_ABOUT THIS TASK_
The whole listing is to be transcribed exactly as it stands.

━━━ SOURCE RECORDS ━━━

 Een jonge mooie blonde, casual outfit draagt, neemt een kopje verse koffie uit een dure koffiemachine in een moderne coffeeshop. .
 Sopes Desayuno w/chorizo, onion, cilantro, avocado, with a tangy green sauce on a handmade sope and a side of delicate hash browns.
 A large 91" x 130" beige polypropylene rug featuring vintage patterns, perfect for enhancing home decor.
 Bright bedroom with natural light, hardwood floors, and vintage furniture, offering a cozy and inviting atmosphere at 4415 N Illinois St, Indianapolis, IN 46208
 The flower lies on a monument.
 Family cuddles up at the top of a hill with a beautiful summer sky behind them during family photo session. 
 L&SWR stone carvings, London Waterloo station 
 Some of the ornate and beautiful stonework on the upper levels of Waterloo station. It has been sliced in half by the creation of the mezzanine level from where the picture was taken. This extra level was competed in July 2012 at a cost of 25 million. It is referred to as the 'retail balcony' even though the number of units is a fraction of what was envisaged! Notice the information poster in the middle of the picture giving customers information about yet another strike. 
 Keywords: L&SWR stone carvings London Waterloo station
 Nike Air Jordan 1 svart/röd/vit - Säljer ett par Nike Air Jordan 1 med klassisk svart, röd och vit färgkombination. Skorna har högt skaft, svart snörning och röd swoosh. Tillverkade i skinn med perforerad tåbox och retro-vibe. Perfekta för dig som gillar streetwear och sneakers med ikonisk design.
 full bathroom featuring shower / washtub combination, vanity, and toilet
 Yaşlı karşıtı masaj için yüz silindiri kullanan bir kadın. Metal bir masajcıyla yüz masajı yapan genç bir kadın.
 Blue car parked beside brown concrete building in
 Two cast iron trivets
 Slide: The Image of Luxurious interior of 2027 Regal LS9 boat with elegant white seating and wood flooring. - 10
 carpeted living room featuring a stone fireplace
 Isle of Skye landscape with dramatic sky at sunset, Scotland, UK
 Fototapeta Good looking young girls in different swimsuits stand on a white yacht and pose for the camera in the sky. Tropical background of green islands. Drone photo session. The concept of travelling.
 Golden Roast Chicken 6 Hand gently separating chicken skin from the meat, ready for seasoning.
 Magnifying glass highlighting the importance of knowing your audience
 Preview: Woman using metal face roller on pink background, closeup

━━━

_THE COMPLETED TASK_
 Een jonge mooie blonde, casual outfit draagt, neemt een kopje verse koffie uit een dure koffiemachine in een moderne coffeeshop. .
 Sopes Desayuno w/chorizo, onion, cilantro, avocado, with a tangy green sauce on a handmade sope and a side of delicate hash browns.
 A large 91" x 130" beige polypropylene rug featuring vintage patterns, perfect for enhancing home decor.
 Bright bedroom with natural light, hardwood floors, and vintage furniture, offering a cozy and inviting atmosphere at 4415 N Illinois St, Indianapolis, IN 46208
 The flower lies on a monument.
 Family cuddles up at the top of a hill with a beautiful summer sky behind them during family photo session. 
 L&SWR stone carvings, London Waterloo station 
 Some of the ornate and beautiful stonework on the upper levels of Waterloo station. It has been sliced in half by the creation of the mezzanine level from where the picture was taken. This extra level was competed in July 2012 at a cost of 25 million. It is referred to as the 'retail balcony' even though the number of units is a fraction of what was envisaged! Notice the information poster in the middle of the picture giving customers information about yet another strike. 
 Keywords: L&SWR stone carvings London Waterloo station
 Nike Air Jordan 1 svart/röd/vit - Säljer ett par Nike Air Jordan 1 med klassisk svart, röd och vit färgkombination. Skorna har högt skaft, svart snörning och röd swoosh. Tillverkade i skinn med perforerad tåbox och retro-vibe. Perfekta för dig som gillar streetwear och sneakers med ikonisk design.
 full bathroom featuring shower / washtub combination, vanity, and toilet
 Yaşlı karşıtı masaj için yüz silindiri kullanan bir kadın. Metal bir masajcıyla yüz masajı yapan genç bir kadın.
 Blue car parked beside brown concrete building in
 Two cast iron trivets
 Slide: The Image of Luxurious interior of 2027 Regal LS9 boat with elegant white seating and wood flooring. - 10
 carpeted living room featuring a stone fireplace
 Isle of Skye landscape with dramatic sky at sunset, Scotland, UK
 Fototapeta Good looking young girls in different swimsuits stand on a white yacht and pose for the camera in the sky. Tropical background of green islands. Drone photo session. The concept of travelling.
 Golden Roast Chicken 6 Hand gently separating chicken skin from the meat, ready for seasoning.
 Magnifying glass highlighting the importance of knowing your audience
 Preview: Woman using metal face roller on pink background, closeup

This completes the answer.